大澤は、続けて「今日、グローバルなレベルで真理ととして認められている知は、科学の知だけだからです。」「『真理候補(仮説)』に過ぎないという控えめな主張をしている知だけが、グローバルな標準として受け入れられ」たとする。そして、ユヴァル・ノア・ハラリを引用して「近代科学をもたらしたのは『われわれは知らない』ということの自覚、われわれの無知についての知です。科学革命は、知の革命である以前に、無知(の知)の革命と理解すべきです。」と書いている。
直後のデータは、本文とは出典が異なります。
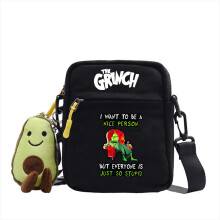 (Black1) Pattern Grinch Christmas Single Shoulder Crossbody Bag Storage Internal With
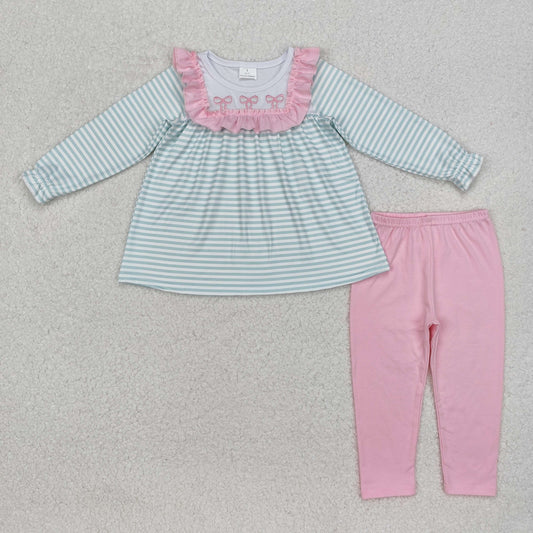 baby girl embroidery pink bow tunic top matching pants fall winter clothes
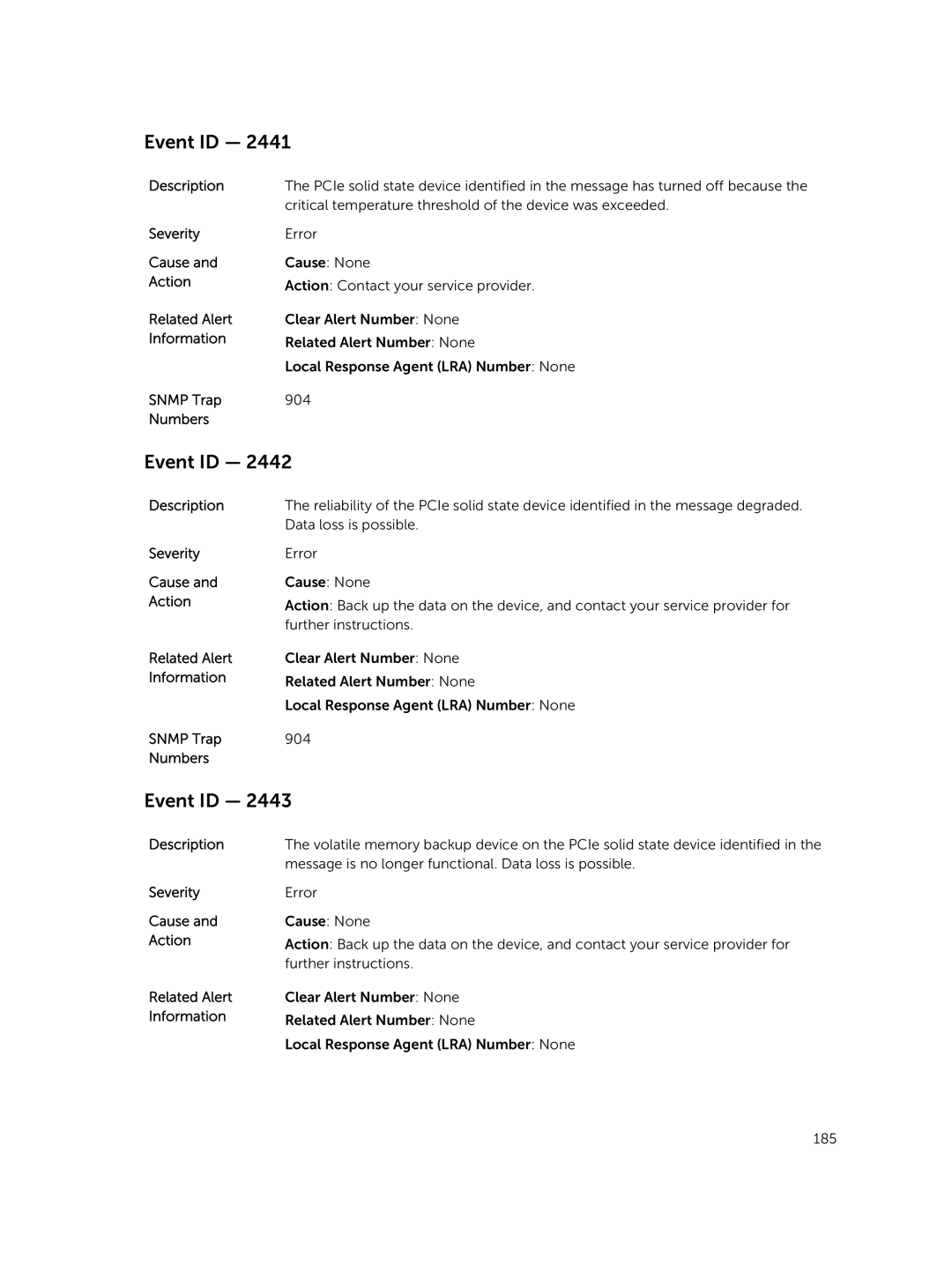 Dell 7.4 manual Critical temperature threshold of the device was exceeded 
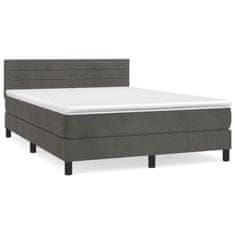 Greatstore Box spring postel s matrací tmavě šedá 140x200 cm samet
もちろん、真理=世界を100%認識できることはありえない。「分かっている現在」を完全に認識するということも原理的にありえない。あっという間に過ぎ去る「現在」は調べる暇もない。科学はベーコンの表現では、「自然の秘密もまた、その道を進んでゆくときよりも、技術によって苦しめられられるとき、よりいっそうその正体を現す」のであり、17世紀の科学革命は自然の力に対する物理学的で数学的な把握にある。佐藤は、科学の「発祥時の目標は『経験からする予測の合理化、客観化』にある。技術と新しい機器を用いた実験で経験の合理的、客観的世界を拡大し、これらの情報から有用な予測情報を導く手法として論理や数学や統計の計算などが発達した」とする。また、山本義隆の言葉を借りれば、ガリレオの実験思想。デカルトの機械論。ニュートンの力概念による機械論の拡張、ベーコンの自然支配の思想は、「自然と宇宙に見られるさまざまな力を探りだし、その法則を突き止め、それを自然支配のために制御し使役する…近代科学は古代哲学における学の目的であった『事物の本質の探究』を『現象の定量的法則の確立』に置き換え、…魔術における物活論と有機体的世界像を要素還元主義にもとづく機械論的で数学的な世界像に置き換えることで、説明能力においてきわめて優れた自然理論を作りだした」のである(山本義隆・『福島の原発事故をめぐって』2011.8.25)。決して「無知の知」ではない。「知っているという錯覚は意識の流れと外界とが肯定的関係にあることの確認」である(佐藤:上記)。
3 科学革命は技術を引き込んだ「下剋上」であった
近代社会の最大の発明品のひとつが科学技術である。「客観的法則として表される科学理論の生産実践への意識的適用」としての技術である(武谷三男)。15世紀までは「技術」が作るものは「まがい」であり自然に劣る不完全なものとされてきた。それが、16世紀の文化革命において西欧文明だけが思弁的な論証知(ギリシャ哲学やキリスト教神学)と技術的な経験知(航海・鉱山・軍事・錬金術など)の両者を結合させたのである。知の世界の地殻変動である。古代~15世紀までは、奴隷的で機械的な職業、活動的生活でない観想的な閑暇、技術でない自然に理念の価値をおいた。経験から生まれる知識は卑賤(メカニック)であり、精神のうちに生まれ、そこで終わる知識が学問とされていた。16世紀の文化革命はこの「卑賤」な学問世界から遠ざけられていたメカニカルの実世界に価値を見出した。17世紀の科学革命はこの学問世界から遠ざけられていた「卑賤」な技術職能集団を引き込んで、学問世界の主導権を争った革命・「下剋上の物語」であった。ガリレオ・ニュートンらの大発見によって、「至高の天上世界と卑賤な機械装置が同じ運動と力の法則に従う」こととなったのである(佐藤:上記)。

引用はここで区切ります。